*** Provided material ***
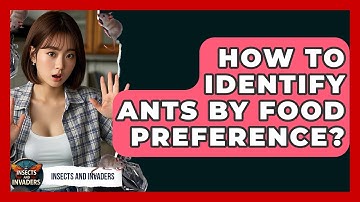 How To Identify Ants By Food Preference? - Insects and Invaders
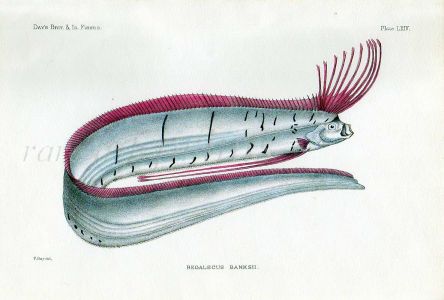 THE OARFISH - REGALECUS BANKSII fish print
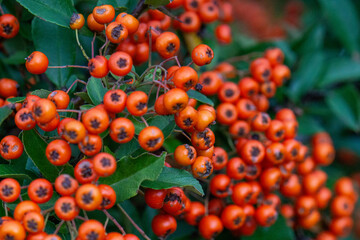 Wall Mural - red berries of viburnum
*** End of Provided material ***
◆ **Required work**
From the line with "THE OARFISH - REGALECUS BANKSII fish print" to the last line of the material, both inclusive, set down every line exactly and nothing else; omit pictures.

◆ **Answer for the task**
 THE OARFISH - REGALECUS BANKSII fish print
 Wall Mural - red berries of viburnum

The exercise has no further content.